Cet article est initialement paru sur openDemocracy, dans la section dédiée à la Russie et à l’ère post-soviétique. Nous le republions ici avec permission, dans une version révisée pour des raisons de style et de concision.
Ces dix dernières années, les évènements ont démontré que des manifestations de grande ampleur sur une unique place publique – comme celles qui ont eu lieu sur la place Tahrir au Caire ou sur la place de l’Indépendance à Kiev – peuvent mener à de réels changements politiques. Pourtant, quand les autorités gouvernementales allouent des espaces pour manifester – comme cela a été le cas en 2011 sur les places Bolotnaïa et Sakharov à Moscou – même des manifestations massives peuvent n’avoir aucun effet.
Pendant les deux nuits qui ont suivi les résultats de l’élection présidentielle du 9 août, les autorités biélorusses ont violemment réprimé les tentatives de rassemblement par la population sur les places du centre-ville de Minsk. Cela a conduit à un phénomène de dispersion des manifestations, qui sont devenues hyperlocales, les manifestants n’étant plus concentrés dans un lieu unique mais éparpillés simultanément dans différents endroits, de rue en rue, de quartier en quartier.

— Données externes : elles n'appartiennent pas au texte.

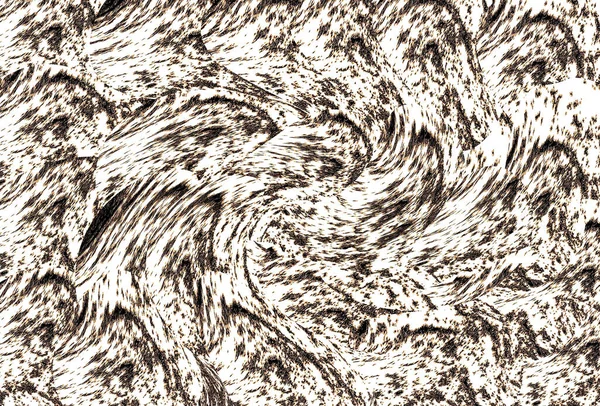 Soyut, modern, kusursuz desen. Moda geçmişi. Baskı, kart, kartpostal, ambalaj için dekoratif vektör stoku çizimi. Kumaş, tekstil. Tarzlı modern süs.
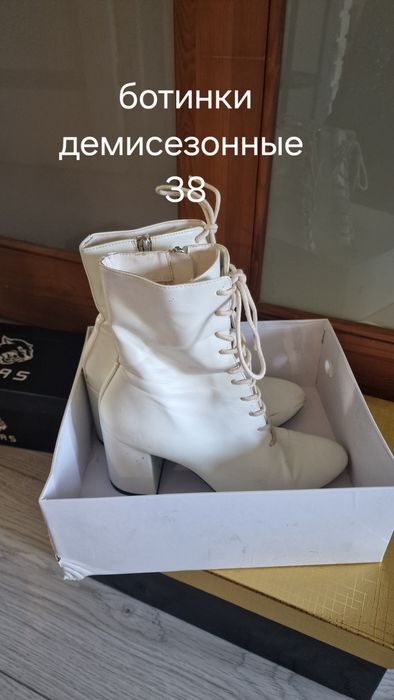 Обувь туфли босоножки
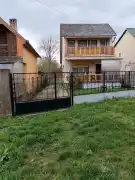 Pest megye - Tóalmás
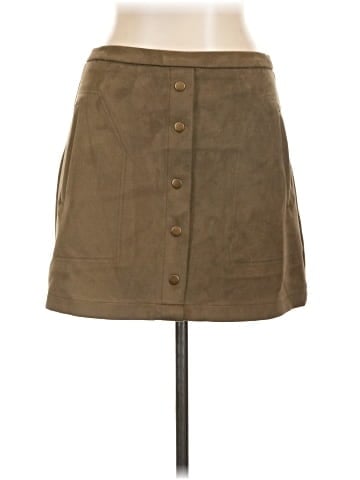 Stella Laguna Beach Casual Skirt (view 1)
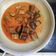 Cooksnap dari Riza Laili Wardhani untuk resep Lodeh Terong dan Kacang Panjang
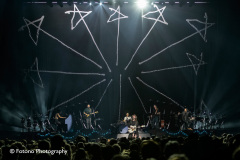 The-lumineers-afas-live-09-03-22-Fotono-011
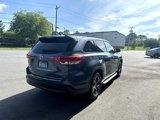 Used 2018 Toyota Highlander Plus image 5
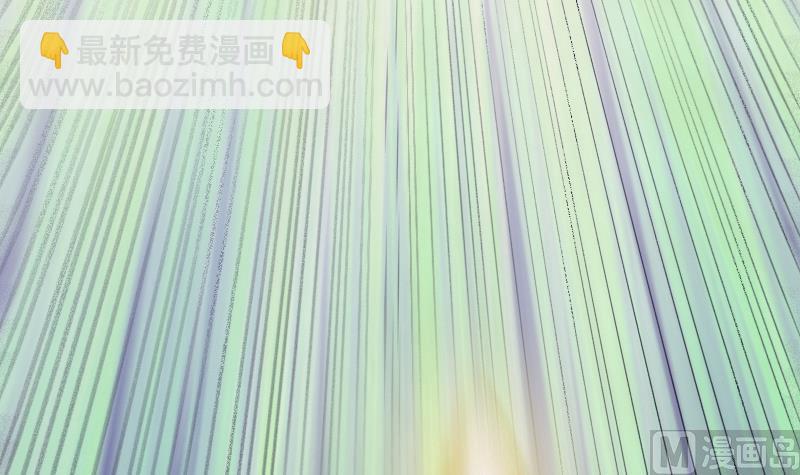 第167话 竭尽全力(1/2)-第167话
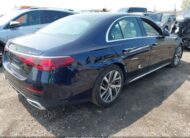 W1KLF4HB3RA059453 2024 MERCEDES-BENZ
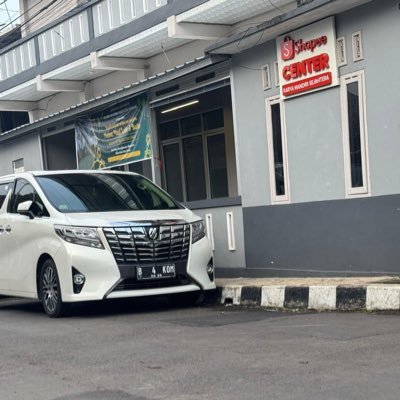 daily_insurance's profile picture. semarang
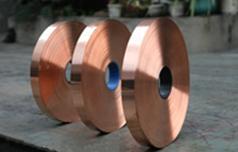 C14700含硫铜-冷、热加工性能C14700_美国铜及铜合金C14700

Cette manifestation « éparpillée » a présenté d’importants avantages. D’abord, les citoyens eux-mêmes déterminaient le parcours et les conditions de la manifestation, au lieu que ce soient les services de l’État qui autorisent cette dernière. Deuxièmement, les manifestations « éparpillées » ont servi de transition pour des manifestations sur la place du centre-ville : une semaine plus tard, le 16 août, les manifestants ont atteint le parlement dans la capitale Minsk, sans rencontrer de résistance, et se sont rassemblés au pied d’un monument de guerre situé à proximité. Cette manifestation pacifique a réunit plus de personnes que le rassemblement politique en faveur d’Alexandre Loukachenko.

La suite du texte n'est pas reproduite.